The Renault-Nissan Alliance will increase production in Korea to cut its reliance on Japan as a manufacturing base as the yen strengthens, chief executive officer Carlos Ghosn said.

During a visit to Abu Dhabi he told journalists: “With the strengthening of the yen and the competitiveness of the yuan, those who have capacity in Korea today have a plus. If something erratic happened in the exchange rate, you don’t find yourself with your eggs in the same basket.”

The yen has advanced 14% this year, the biggest gain among the currencies of the developed world. It rose as high as 83.60 per US$ on August 24, the strongest since June 1995, from a 2009 low of JPY101.44.

The alliance’s Korean unit, Renault Samsung Motors, has a plant in Busan.
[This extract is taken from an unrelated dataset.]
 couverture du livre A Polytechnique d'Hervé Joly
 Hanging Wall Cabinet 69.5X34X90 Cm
The alliance said earlier this month it was exploring ways to expand its business in Southeast Asia after dropping out of the bidding for South Korean manufacturer Ssangyong.

In addition to assembling the Samsung SM3 and SM5, the Busan plant also exports around 50,000 Nissan models annually to the Middle East. The Latitude version of its SM5 sedan for export to the Middle East and Europe will also be produced there.
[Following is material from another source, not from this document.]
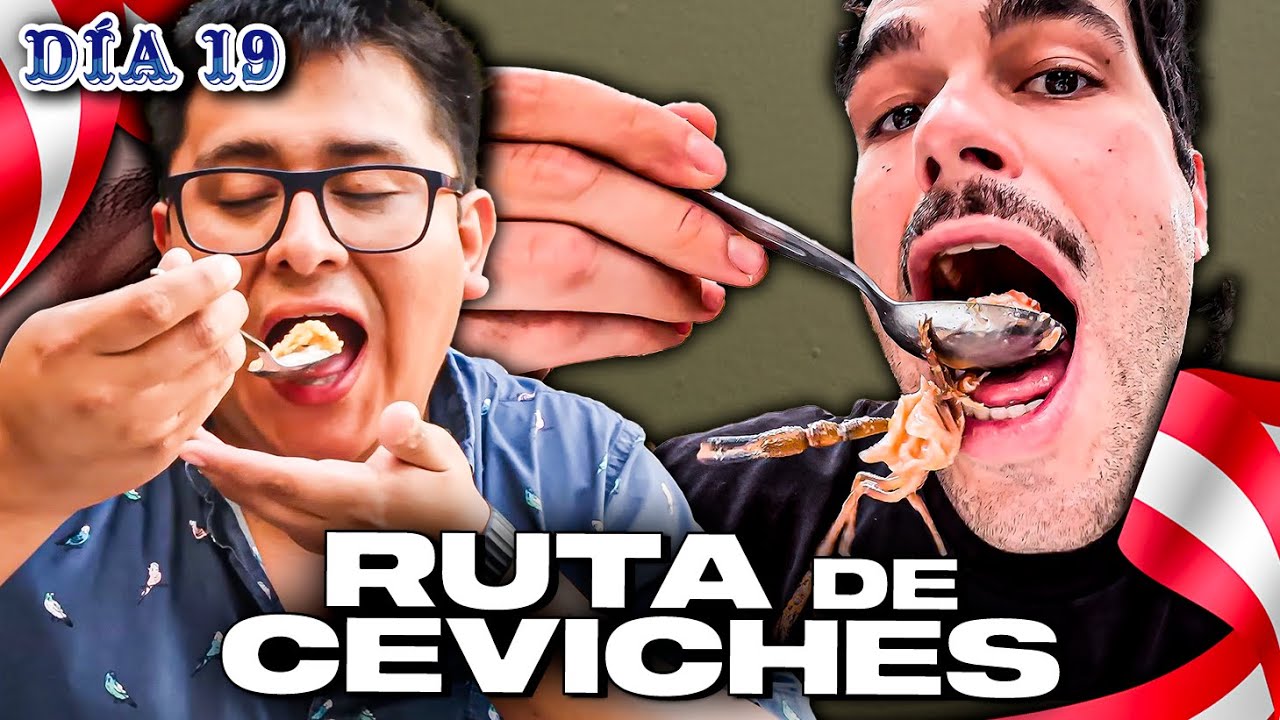 Los Mejores Ceb/viches de Perú❓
Ghosn added that Nissan plans to sell 200,000 vehicles in the Middle East and North Africa in the fiscal year to the end of March 2011. Sales in the region, plus India, grew 27% in August from a year earlier, Gilles Normand, vice president for the region, said.

Ghosn also said that electric cars can be successful in Gulf countries and other oil-rich states, but only with initial government help. The need for initial assistance is not, however, limited to oil-rich countries, he said.

"The electric car will be successful in the United States and in Japan and in Europe" because governments "have decided to support the consumer in order to jump start the sales."

The United States, Japan and various European countries offer incentives to make low- and zero-emissions vehicles cheaper for buyers. Such support is key, Ghosn said. Nissan is due to launch its first electric car, the Leaf, later this year. 

Ghosn said that Nissan and Renault have no plans to expand production capacity in the Middle East in the absence of a free-trade agreement between Arab countries. Nissan has a factory in Egypt, and a Renault-managed factory is under construction in Morocco.

Ghosn added: "As long as you don't have a free trade or at least an effective free trade in the mideast, it's going to be very difficult to make an investment in capacity if you can't sell in a seamless way in the Arab countries."

Free trade in the Arab world would be "an incentive for carmakers to establish capacity in the mideast", he added.